Your instructions –
Give back exactly the lines of the data below, starting with the line that has "No One Fights" and going on through the line that has "istock New home".

#### Dataset records ####

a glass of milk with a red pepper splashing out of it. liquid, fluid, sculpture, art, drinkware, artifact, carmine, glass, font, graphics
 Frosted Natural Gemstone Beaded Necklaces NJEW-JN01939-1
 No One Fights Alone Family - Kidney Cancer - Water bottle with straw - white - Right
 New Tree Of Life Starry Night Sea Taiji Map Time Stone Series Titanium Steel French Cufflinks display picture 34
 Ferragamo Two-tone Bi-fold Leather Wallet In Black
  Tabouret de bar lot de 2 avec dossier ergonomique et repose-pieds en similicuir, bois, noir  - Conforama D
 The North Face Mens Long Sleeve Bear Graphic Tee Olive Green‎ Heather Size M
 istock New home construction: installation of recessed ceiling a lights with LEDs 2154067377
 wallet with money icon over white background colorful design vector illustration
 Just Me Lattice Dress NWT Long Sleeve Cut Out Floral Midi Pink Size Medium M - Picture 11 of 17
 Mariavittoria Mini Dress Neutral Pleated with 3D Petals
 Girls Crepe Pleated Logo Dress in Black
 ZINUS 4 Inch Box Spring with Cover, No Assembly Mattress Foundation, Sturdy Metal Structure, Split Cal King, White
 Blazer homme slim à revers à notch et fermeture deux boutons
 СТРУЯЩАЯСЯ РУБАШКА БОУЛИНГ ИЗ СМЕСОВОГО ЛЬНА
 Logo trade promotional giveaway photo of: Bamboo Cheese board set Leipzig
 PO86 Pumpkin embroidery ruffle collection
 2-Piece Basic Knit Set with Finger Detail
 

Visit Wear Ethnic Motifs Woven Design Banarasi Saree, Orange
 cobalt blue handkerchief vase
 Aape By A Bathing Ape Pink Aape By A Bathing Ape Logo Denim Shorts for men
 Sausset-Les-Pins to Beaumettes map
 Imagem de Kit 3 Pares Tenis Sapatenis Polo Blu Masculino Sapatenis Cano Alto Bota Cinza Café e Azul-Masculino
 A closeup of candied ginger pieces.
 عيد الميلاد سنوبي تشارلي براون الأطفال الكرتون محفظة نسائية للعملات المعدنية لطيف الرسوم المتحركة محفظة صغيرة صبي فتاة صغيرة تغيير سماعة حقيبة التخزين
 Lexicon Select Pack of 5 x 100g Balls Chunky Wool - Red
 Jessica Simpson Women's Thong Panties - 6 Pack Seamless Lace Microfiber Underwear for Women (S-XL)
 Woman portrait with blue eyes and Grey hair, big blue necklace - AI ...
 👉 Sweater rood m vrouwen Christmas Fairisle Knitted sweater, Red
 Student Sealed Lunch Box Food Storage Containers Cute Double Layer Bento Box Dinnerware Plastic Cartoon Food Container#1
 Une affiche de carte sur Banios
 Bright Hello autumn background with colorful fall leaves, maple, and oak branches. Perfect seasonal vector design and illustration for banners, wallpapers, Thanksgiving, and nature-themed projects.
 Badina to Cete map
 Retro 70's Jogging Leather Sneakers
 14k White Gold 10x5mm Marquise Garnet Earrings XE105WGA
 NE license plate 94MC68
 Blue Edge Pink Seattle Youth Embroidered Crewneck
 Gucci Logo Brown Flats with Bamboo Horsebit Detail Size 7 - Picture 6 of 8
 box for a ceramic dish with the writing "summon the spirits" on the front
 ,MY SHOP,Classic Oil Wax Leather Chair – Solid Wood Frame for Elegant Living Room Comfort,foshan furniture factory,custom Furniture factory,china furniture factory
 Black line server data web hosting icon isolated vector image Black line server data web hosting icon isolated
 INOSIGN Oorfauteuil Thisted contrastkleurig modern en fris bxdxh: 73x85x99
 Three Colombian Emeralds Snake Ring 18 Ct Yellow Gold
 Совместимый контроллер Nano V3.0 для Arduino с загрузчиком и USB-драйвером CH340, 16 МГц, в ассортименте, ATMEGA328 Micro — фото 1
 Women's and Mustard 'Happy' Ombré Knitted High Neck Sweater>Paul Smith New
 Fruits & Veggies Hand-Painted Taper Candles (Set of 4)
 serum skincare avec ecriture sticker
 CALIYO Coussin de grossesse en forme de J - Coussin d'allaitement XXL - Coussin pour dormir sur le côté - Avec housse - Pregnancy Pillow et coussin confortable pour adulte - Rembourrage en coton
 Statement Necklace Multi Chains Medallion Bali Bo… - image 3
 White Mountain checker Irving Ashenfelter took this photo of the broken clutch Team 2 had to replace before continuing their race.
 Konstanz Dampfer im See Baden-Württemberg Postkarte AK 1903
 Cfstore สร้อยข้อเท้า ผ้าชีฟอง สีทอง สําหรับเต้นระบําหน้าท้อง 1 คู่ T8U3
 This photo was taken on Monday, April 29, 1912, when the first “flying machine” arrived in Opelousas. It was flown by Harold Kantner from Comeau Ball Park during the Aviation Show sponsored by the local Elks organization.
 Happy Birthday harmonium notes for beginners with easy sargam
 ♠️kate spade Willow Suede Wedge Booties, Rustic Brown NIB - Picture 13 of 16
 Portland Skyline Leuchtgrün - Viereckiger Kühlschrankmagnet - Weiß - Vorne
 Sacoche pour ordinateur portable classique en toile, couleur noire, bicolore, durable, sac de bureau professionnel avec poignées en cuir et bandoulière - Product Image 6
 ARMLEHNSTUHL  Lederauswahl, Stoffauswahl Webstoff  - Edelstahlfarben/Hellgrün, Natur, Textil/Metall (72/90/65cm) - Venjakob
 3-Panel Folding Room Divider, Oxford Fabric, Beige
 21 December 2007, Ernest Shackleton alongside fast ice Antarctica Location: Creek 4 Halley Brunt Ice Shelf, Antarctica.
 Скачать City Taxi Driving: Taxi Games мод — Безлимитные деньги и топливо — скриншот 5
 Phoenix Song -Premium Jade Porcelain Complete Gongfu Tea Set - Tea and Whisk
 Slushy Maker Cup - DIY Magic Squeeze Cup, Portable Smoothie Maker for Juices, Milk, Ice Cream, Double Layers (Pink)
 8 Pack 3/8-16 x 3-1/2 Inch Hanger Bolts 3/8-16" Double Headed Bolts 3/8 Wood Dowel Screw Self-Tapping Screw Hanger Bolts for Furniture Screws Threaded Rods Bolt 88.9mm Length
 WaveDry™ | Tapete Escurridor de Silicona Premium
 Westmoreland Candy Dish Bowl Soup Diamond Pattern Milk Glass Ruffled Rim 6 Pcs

####

Solution to the exercise –
 No One Fights Alone Family - Kidney Cancer - Water bottle with straw - white - Right
 New Tree Of Life Starry Night Sea Taiji Map Time Stone Series Titanium Steel French Cufflinks display picture 34
 Ferragamo Two-tone Bi-fold Leather Wallet In Black
  Tabouret de bar lot de 2 avec dossier ergonomique et repose-pieds en similicuir, bois, noir  - Conforama D
 The North Face Mens Long Sleeve Bear Graphic Tee Olive Green‎ Heather Size M
 istock New home construction: installation of recessed ceiling a lights with LEDs 2154067377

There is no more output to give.